TASK GOAL ▸ For the listing that follows, give again exactly the lines from the one with "Young Student in" to the one with "Tricou polo cu", including both.
_ _ _ _
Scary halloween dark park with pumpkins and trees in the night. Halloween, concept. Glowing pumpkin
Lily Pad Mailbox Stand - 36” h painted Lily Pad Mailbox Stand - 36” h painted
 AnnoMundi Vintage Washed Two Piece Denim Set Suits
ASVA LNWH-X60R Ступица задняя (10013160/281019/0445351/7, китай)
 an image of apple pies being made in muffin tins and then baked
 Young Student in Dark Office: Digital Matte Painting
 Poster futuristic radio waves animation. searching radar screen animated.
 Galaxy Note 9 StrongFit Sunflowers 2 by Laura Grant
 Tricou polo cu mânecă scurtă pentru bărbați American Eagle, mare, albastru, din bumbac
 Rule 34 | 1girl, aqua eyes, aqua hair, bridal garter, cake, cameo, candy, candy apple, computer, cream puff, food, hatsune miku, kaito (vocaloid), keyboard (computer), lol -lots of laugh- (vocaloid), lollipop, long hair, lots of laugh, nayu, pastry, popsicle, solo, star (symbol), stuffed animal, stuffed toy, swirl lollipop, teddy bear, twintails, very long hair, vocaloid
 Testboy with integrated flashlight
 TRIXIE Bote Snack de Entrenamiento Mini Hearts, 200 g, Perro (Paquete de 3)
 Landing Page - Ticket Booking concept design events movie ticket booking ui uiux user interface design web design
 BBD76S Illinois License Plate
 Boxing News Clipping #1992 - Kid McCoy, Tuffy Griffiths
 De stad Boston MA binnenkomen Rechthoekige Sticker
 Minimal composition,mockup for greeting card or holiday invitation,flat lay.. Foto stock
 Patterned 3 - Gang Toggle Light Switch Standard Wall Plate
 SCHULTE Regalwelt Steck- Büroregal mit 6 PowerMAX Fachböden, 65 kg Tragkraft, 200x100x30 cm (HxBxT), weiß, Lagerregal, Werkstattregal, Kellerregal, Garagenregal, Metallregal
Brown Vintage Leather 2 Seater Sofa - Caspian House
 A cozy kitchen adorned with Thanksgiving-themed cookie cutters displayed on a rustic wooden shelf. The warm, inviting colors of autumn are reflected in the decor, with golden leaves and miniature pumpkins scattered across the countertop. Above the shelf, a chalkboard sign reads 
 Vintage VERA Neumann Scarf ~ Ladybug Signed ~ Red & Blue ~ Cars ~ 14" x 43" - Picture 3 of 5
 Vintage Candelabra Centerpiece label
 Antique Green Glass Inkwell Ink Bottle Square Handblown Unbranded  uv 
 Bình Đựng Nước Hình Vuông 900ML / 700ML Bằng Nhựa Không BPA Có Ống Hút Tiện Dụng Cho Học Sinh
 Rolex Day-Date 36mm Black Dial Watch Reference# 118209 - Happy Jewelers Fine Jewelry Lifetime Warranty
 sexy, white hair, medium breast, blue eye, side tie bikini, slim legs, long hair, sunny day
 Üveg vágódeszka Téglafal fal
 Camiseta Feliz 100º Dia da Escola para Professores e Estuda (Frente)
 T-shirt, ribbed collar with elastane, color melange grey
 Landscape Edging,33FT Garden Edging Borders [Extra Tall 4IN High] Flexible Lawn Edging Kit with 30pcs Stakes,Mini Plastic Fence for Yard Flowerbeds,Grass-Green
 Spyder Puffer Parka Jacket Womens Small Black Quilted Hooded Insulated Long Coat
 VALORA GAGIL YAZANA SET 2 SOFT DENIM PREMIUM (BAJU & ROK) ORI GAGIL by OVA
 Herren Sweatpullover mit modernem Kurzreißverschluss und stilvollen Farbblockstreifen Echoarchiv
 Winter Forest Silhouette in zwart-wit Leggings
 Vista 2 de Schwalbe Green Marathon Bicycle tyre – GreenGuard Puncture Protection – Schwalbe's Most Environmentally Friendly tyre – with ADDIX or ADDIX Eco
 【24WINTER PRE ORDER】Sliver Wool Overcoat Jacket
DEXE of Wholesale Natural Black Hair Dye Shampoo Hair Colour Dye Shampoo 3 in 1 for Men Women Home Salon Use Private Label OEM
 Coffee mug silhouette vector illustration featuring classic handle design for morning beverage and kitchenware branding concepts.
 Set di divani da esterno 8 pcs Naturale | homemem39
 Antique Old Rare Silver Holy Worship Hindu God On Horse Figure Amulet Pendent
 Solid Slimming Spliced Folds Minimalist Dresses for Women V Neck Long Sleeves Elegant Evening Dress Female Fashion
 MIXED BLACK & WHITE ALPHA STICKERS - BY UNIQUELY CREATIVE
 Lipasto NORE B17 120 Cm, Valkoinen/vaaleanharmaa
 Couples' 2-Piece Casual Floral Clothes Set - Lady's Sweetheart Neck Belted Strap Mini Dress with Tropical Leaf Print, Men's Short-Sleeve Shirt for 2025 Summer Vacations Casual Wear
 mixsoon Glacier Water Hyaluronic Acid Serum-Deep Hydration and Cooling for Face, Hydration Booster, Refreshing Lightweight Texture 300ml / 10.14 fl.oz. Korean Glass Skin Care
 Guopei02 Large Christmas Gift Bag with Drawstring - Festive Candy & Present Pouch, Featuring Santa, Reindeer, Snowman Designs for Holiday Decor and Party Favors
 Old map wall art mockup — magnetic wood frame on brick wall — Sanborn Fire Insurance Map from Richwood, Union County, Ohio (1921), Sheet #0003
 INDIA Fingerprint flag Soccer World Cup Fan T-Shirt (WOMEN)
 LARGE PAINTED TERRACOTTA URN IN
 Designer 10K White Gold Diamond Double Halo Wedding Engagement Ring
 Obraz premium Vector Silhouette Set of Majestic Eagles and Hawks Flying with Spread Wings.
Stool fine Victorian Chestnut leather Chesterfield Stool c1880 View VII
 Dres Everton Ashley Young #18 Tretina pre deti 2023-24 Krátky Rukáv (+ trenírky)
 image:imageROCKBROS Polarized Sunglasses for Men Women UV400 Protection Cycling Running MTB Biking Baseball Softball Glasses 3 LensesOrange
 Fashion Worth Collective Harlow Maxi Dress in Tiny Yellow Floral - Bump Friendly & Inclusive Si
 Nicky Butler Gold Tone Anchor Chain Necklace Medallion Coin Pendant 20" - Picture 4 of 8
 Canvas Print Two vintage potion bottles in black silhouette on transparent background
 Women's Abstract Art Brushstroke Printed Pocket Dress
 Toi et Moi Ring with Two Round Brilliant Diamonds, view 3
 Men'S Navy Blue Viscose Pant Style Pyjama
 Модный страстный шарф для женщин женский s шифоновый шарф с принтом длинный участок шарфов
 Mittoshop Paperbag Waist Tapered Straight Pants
_ _ _ _
SOLUTION TO THIS TASK ▸
 Young Student in Dark Office: Digital Matte Painting
 Poster futuristic radio waves animation. searching radar screen animated.
 Galaxy Note 9 StrongFit Sunflowers 2 by Laura Grant
 Tricou polo cu mânecă scurtă pentru bărbați American Eagle, mare, albastru, din bumbac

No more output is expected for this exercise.